_EXERCISE REQUIREMENTS:_
Would you write out every record that follows exactly, with the pictures left out?

_DATA FOR THIS EXERCISE:_
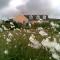 The Plough B&B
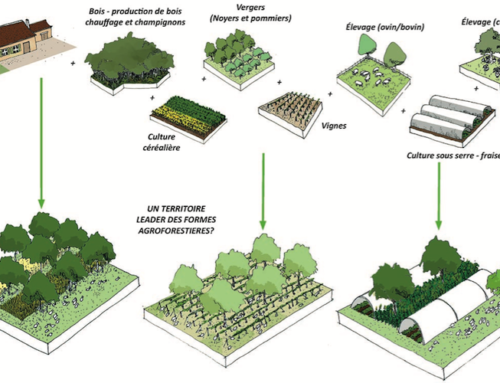 Quelle forêt pour la transition territoriale ?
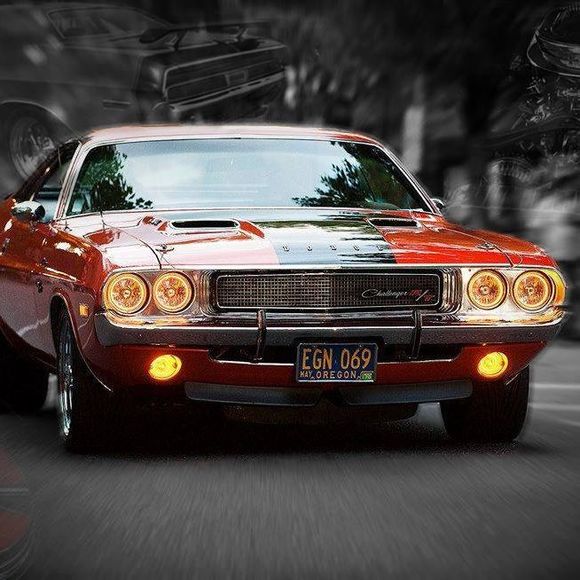 Meet your Posher, Steve - Picture 1 of 1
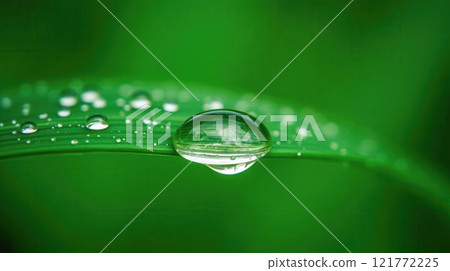 Close-up of fresh water droplet on green leaf, natural beauty concept, eco-friendly background, nature design, purity and freshness, organic products, skincare, herbal cosmetics, spa themes, wellness 121772225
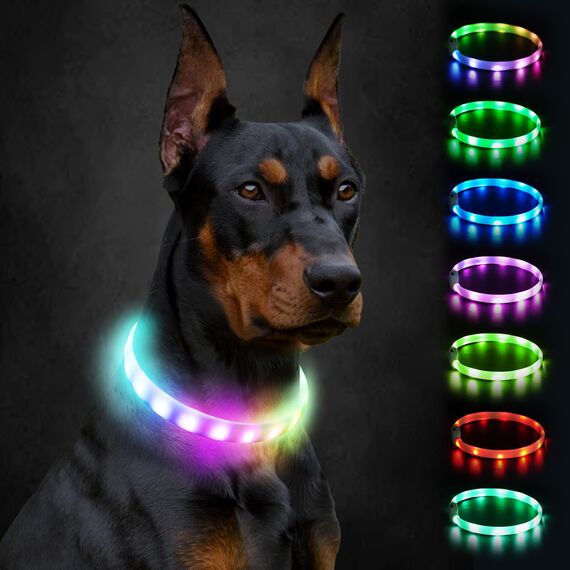 Joytale Leuchthalsband Hund, Hundehalsband Leuchtend Aufladbar, Längenverstellbar Led Hundehalsband mit 9 Leuchtmodi, Regendicht Hunde Leuchthalsband für Kleine Mittlere Große Hunde, 70 cm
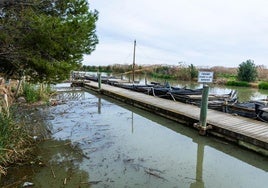 Canal en el puerto de Catarroja, en una imagen de este lunes.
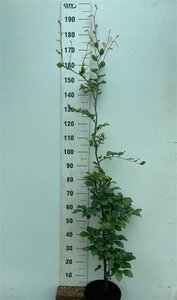 Fagus sylvatica 150-175 cm cont. 7,5L - afbeelding 2
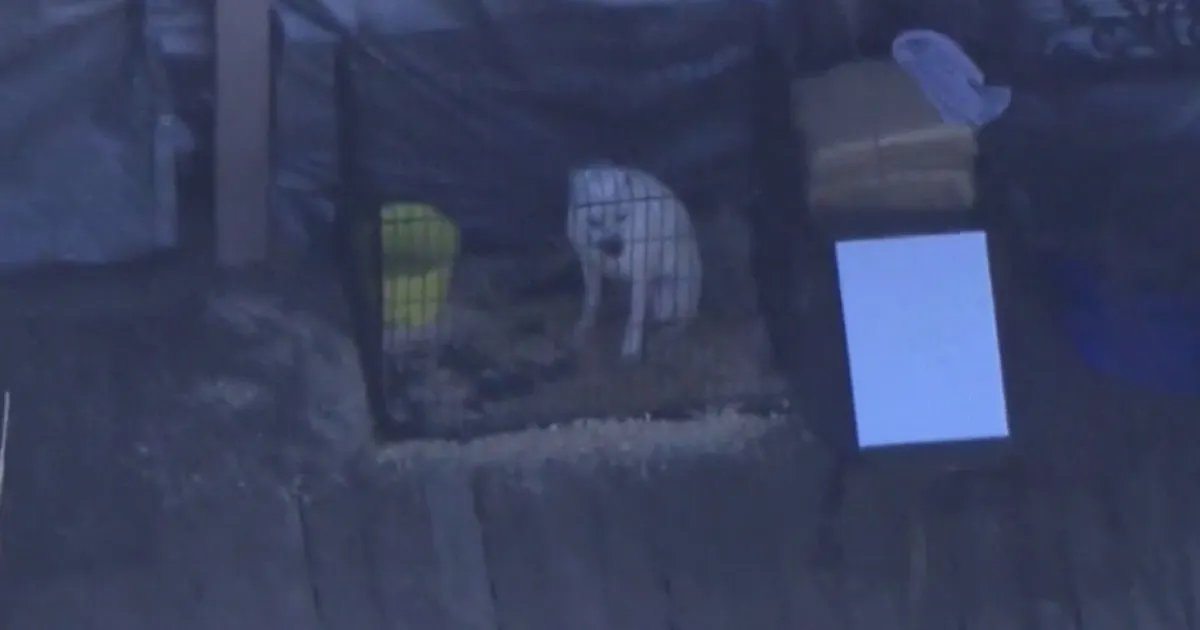 LA County Animal Shelters Hold Sunday Adoption Events to Find Homes for Pets in Need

_ANSWER SECTION:_
 The Plough B&B
 Quelle forêt pour la transition territoriale ?
 Meet your Posher, Steve - Picture 1 of 1
 Close-up of fresh water droplet on green leaf, natural beauty concept, eco-friendly background, nature design, purity and freshness, organic products, skincare, herbal cosmetics, spa themes, wellness 121772225
 Joytale Leuchthalsband Hund, Hundehalsband Leuchtend Aufladbar, Längenverstellbar Led Hundehalsband mit 9 Leuchtmodi, Regendicht Hunde Leuchthalsband für Kleine Mittlere Große Hunde, 70 cm
 Canal en el puerto de Catarroja, en una imagen de este lunes.
 Fagus sylvatica 150-175 cm cont. 7,5L - afbeelding 2
 LA County Animal Shelters Hold Sunday Adoption Events to Find Homes for Pets in Need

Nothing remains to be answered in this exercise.